With a stab of fear, he realized that Isabel was there too, and she was completely unprepared for such an experience.
He felt the frustration, pain, and rage of stunted and malformed minds deprived of any chance of ever realizing the possibilities that they could only imagine. When they brushed up against him, he felt their hate and their fury but they recoiled from the light of his nature and the radiance of his living soul. He knew instinctively that his light would fade under the relentless assault of the darkness and so would Isabel’s. He had to find her quickly. She had already been in the darkness for so long.

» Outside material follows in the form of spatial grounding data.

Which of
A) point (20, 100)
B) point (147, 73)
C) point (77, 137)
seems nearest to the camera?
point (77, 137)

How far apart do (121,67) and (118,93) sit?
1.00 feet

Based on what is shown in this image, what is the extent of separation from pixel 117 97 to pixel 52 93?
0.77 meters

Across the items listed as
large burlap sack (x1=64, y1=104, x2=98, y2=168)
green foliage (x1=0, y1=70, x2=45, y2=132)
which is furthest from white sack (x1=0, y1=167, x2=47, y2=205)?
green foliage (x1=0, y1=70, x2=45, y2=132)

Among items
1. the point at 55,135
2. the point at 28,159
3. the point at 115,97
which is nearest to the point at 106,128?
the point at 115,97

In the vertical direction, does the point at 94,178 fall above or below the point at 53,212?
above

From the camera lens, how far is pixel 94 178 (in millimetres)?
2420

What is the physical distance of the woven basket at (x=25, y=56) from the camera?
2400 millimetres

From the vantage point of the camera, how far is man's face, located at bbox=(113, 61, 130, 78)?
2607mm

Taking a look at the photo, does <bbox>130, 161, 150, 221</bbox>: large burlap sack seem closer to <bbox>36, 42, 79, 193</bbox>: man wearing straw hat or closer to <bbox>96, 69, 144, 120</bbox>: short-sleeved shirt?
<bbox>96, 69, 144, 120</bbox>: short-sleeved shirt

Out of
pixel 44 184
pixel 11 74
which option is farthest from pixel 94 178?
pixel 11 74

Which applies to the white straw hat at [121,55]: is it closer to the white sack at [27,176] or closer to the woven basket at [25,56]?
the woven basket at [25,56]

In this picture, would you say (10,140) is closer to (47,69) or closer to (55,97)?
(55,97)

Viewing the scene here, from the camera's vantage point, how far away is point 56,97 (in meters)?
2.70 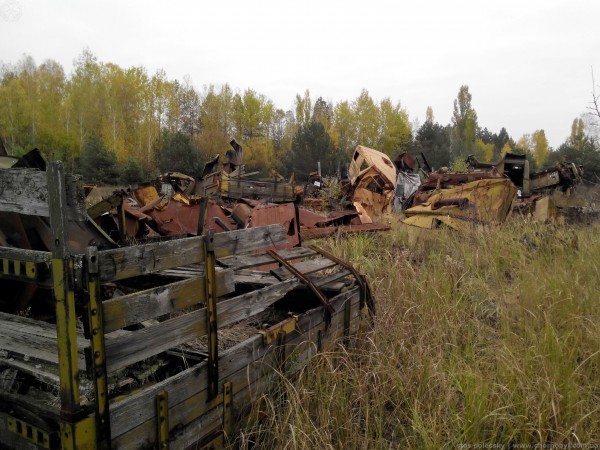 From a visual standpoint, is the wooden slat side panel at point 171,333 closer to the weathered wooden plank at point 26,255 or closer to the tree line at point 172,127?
the weathered wooden plank at point 26,255

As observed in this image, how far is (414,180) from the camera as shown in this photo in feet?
43.2

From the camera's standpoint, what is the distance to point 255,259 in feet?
8.49

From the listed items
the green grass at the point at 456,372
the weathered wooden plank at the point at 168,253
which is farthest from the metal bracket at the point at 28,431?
the green grass at the point at 456,372

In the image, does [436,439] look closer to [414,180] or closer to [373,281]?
[373,281]

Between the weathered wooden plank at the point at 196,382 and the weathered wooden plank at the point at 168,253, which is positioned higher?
the weathered wooden plank at the point at 168,253

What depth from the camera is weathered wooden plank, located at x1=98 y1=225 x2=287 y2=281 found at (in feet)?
4.82

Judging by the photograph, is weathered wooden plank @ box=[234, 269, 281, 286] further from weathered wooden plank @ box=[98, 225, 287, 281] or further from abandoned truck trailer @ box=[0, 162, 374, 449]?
weathered wooden plank @ box=[98, 225, 287, 281]

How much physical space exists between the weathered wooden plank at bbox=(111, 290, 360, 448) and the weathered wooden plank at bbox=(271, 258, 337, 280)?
0.31 m

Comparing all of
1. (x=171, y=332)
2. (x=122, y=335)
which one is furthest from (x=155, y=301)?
(x=122, y=335)

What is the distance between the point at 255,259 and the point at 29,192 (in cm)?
141

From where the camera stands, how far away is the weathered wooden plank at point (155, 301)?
4.75ft

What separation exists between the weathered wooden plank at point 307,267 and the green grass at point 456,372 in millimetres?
611

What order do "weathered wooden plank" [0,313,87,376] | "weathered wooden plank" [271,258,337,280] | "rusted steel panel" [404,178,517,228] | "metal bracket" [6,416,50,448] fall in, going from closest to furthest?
"metal bracket" [6,416,50,448]
"weathered wooden plank" [0,313,87,376]
"weathered wooden plank" [271,258,337,280]
"rusted steel panel" [404,178,517,228]

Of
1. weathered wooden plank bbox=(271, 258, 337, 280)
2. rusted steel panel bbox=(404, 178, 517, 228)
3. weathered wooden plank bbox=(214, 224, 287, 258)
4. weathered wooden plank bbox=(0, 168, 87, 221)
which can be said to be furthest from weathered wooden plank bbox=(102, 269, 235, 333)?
rusted steel panel bbox=(404, 178, 517, 228) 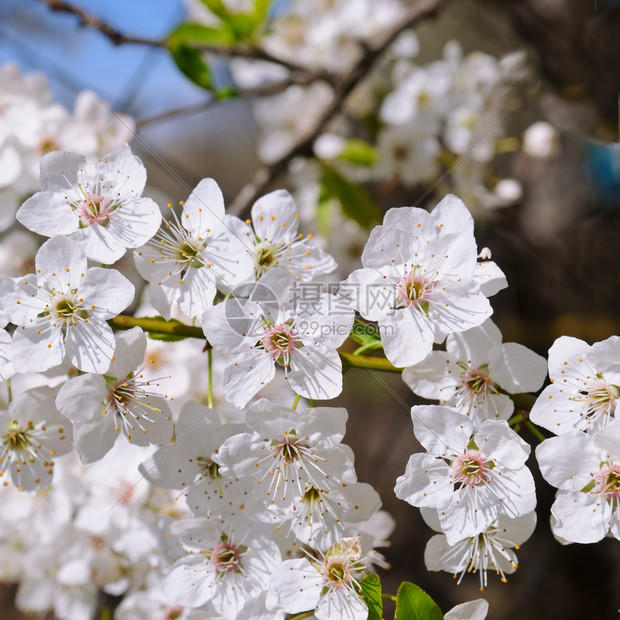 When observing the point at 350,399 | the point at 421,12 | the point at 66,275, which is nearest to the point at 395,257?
the point at 66,275

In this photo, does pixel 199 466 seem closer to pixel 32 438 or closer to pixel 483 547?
pixel 32 438

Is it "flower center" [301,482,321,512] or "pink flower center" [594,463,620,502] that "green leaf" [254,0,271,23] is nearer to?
"flower center" [301,482,321,512]

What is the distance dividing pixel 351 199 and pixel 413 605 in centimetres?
162

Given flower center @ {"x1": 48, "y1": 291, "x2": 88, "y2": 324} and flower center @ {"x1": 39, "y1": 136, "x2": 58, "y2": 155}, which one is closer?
flower center @ {"x1": 48, "y1": 291, "x2": 88, "y2": 324}

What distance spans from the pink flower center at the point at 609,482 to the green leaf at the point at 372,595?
0.42 m

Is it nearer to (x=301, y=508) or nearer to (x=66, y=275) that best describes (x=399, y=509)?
(x=301, y=508)

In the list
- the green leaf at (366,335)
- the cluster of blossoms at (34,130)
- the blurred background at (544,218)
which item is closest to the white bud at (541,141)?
the blurred background at (544,218)

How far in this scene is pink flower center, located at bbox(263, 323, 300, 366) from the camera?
1.11 metres

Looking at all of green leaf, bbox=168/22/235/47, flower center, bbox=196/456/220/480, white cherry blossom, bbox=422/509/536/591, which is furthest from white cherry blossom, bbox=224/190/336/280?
green leaf, bbox=168/22/235/47

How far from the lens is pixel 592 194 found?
294cm

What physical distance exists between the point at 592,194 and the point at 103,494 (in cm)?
249

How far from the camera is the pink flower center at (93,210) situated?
119cm

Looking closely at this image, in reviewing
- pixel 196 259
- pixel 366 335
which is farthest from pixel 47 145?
pixel 366 335

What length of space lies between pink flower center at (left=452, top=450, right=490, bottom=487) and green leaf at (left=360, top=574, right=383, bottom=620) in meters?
0.24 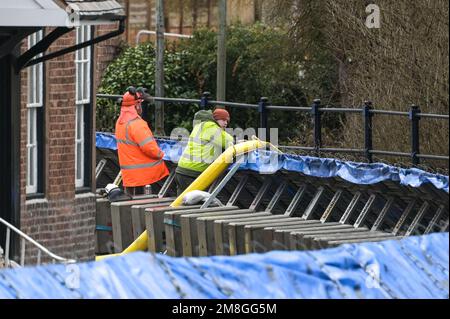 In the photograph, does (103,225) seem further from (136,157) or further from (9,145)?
(9,145)

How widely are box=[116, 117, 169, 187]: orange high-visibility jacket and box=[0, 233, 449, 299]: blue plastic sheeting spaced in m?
8.52

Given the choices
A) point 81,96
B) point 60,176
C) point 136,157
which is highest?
point 81,96

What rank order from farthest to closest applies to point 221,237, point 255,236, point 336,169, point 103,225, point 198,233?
1. point 103,225
2. point 336,169
3. point 198,233
4. point 221,237
5. point 255,236

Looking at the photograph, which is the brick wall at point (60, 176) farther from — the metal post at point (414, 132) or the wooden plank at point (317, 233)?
the metal post at point (414, 132)

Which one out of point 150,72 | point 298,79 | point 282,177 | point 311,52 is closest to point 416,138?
point 282,177

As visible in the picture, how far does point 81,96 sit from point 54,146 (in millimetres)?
1008

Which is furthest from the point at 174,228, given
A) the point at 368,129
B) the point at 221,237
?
the point at 368,129

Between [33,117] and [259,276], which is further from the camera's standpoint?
[33,117]

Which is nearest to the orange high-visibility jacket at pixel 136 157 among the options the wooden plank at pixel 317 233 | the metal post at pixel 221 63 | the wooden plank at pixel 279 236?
the wooden plank at pixel 279 236

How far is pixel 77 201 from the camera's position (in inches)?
631

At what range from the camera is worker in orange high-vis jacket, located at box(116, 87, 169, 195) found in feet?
57.0

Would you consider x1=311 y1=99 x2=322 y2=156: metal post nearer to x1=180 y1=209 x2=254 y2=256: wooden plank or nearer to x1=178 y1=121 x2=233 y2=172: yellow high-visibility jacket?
x1=178 y1=121 x2=233 y2=172: yellow high-visibility jacket

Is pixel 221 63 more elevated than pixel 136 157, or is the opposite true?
pixel 221 63

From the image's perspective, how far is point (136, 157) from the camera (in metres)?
17.5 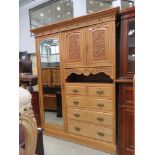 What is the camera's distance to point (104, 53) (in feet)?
7.34

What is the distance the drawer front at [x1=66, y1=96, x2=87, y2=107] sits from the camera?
2.48 metres

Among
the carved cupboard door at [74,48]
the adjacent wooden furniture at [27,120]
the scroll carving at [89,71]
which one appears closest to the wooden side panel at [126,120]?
the scroll carving at [89,71]

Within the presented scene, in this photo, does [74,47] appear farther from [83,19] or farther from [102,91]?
[102,91]

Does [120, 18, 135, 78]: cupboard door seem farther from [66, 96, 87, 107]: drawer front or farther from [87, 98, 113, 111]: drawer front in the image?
[66, 96, 87, 107]: drawer front

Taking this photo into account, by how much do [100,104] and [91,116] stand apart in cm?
24

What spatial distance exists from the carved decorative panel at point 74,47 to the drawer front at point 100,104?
2.18ft

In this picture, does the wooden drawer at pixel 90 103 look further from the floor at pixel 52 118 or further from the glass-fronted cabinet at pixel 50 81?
the floor at pixel 52 118

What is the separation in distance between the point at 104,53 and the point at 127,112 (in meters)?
0.81

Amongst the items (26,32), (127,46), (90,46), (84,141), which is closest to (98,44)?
(90,46)

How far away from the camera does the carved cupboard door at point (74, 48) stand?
7.97 ft

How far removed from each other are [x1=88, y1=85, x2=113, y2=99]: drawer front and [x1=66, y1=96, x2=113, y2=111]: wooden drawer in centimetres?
7

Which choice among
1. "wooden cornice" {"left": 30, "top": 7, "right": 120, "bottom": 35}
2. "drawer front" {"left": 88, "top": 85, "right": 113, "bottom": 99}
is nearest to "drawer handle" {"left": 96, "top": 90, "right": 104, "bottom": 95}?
"drawer front" {"left": 88, "top": 85, "right": 113, "bottom": 99}

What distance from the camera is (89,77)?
2787 mm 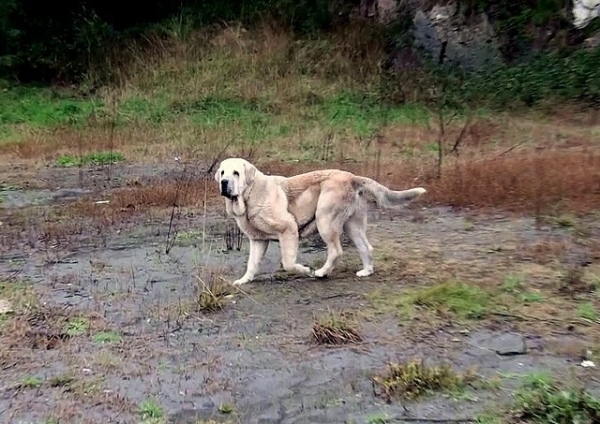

For a brief moment he tried to expand his awareness the way he did in the firmament. He tried to be everywhere at once but saw in an instant the folly of doing that in the netherworld. When the light of his living soul was concentrated in one location, he could fend off the darkness, but when he tried to expand his awareness, his light dimmed. The numbing coldness that flooded into him in that one brief instant was enough to cause him to pull back to a single bright point.
But it was also enough to let Isabel know he was with her. Off in the distance, through the murky darkness, he saw a brief flare of light. He moved through the unrealized potential of broken souls, driving them aside with the light of his very real existence fueled by vital life energy and love.
When he found her disembodied awareness, she was huddled into a ball of fear surrounded by a swarm of howling dark spirits trying to drive her farther and farther away from life. Alexander plunged into the fray. His weapon was the light of his life powered by his boundless love for Isabel. He brought his soul to hers and surrounded her with his light, sheltered her with his love, and defended her with righteous fury.